Kurtulmuş and his close fellows are expected to join the ruling party on Sept. 22 at the AKP’s Istanbul provincial congress.
In July, following long-held speculation that Kurtulmuş was on Erdoğan’s mind as his possible successor as party head, Erdoğan personally proposed to Kurtulmuş the idea of merging the parties under the umbrella of the AKP. Roots of HSP
The HSP was formed by Kurtulmuş shortly after he broke from the Felicity Party (SP) in October 2010, and received 0.76 percent of the votes at the 2011 general elections. Both Erdoğan and Kurtulmuş once belonged to the Virtue Party (FP) before it was closed down by the Constitutional Court in 2001.
Kurtulmuş preferred to stay within the SP, the flag-bearer of the conservative “National View” movement, while Erdoğan formed the AKP in 2001.In his speech, Kurtulmuş repeatedly stressed that he was not making politics for his own personal interests and did not seek any particular post or position within the ruling party or government.
“Turkey is passing through one of its most important turning points. Politicians who have short-term calculations do not risk themselves and pursue wait-and-see politics. But we evaluated the Prime Minister’s invitation with sense of responsibility and declared our desire to merge,” Kurtulmuş said.
A majority of delegates voted for the dissolution of the HSP. However, a number of party members strongly opposed the dissolution of the party.

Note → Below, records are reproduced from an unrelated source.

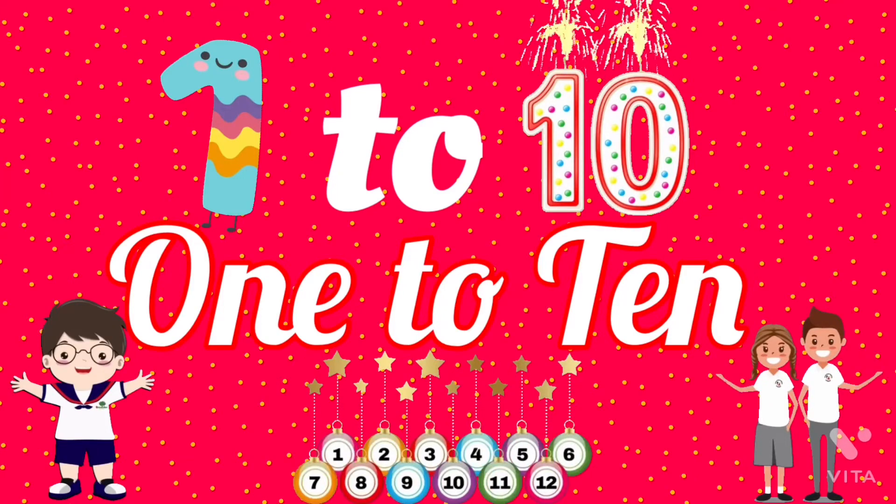Hello, kids. Let's learn numbers 1 to 10.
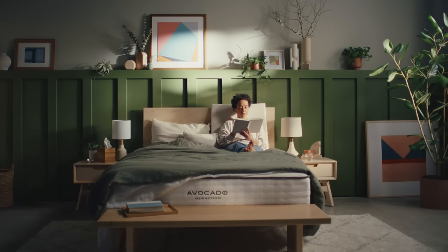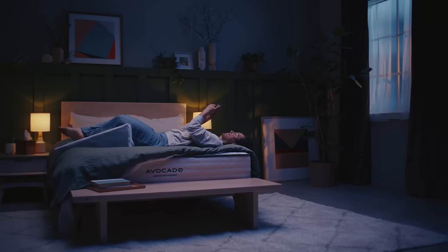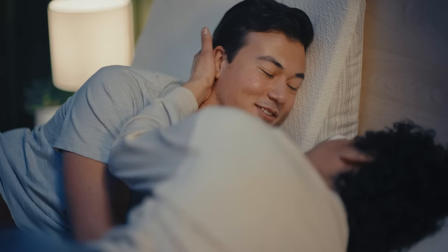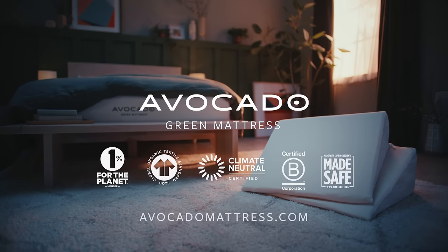Add support for reading, working in bed, propping up your legs, or cushioning your knees. Simply put, there's nothing like Avocado's Certified Organic Latex Wedge Pillow. Get yours today at avocadomattress.com.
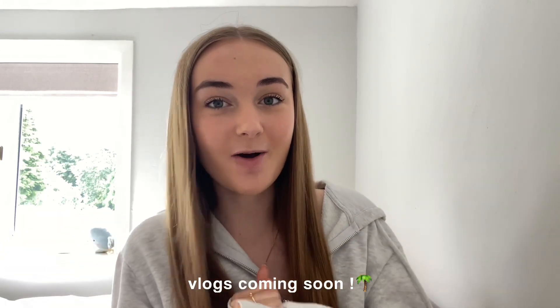Hey everyone, welcome back to my channel. In today's video I'm going to be doing a pack prep and travel with me for my holiday. We are going to Europe — going on a little road trip around Europe — and we leave tomorrow morning and I have not packed anything, and this is a three week trip.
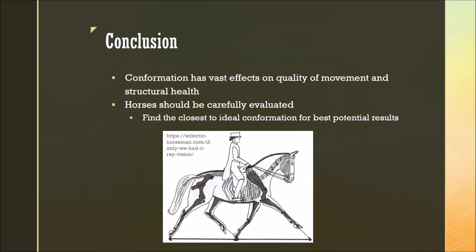So in conclusion, after looking at all these parts of the horse and how they contribute to quality of movement and structural health, it's clear that conformation has vast effects on both quality of movement and structural health. As a result, horses should be carefully evaluated, whether it's for breeding, showing, purchase, etc. You should always try to find the closest to ideal conformation in order to get the best potential results. Thank you for listening to this presentation — I hope you enjoyed and learned something new.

Mehmet Bekaroğlu, former deputy chairman of the HSP, said they had opposed the mentality of the ruling party from the very beginning, and recalled Kurtulmuş’s harsh criticism of the AKP during the 2011 election campaign. “What has the AKP done for 10 years? What they have done is build their own tutelage regime instead of the old one,” Bekaroğlu said, claiming that by merging with the HSP, the AKP aimed to build a “nationalist front” to prevent the growth of any possible opposition.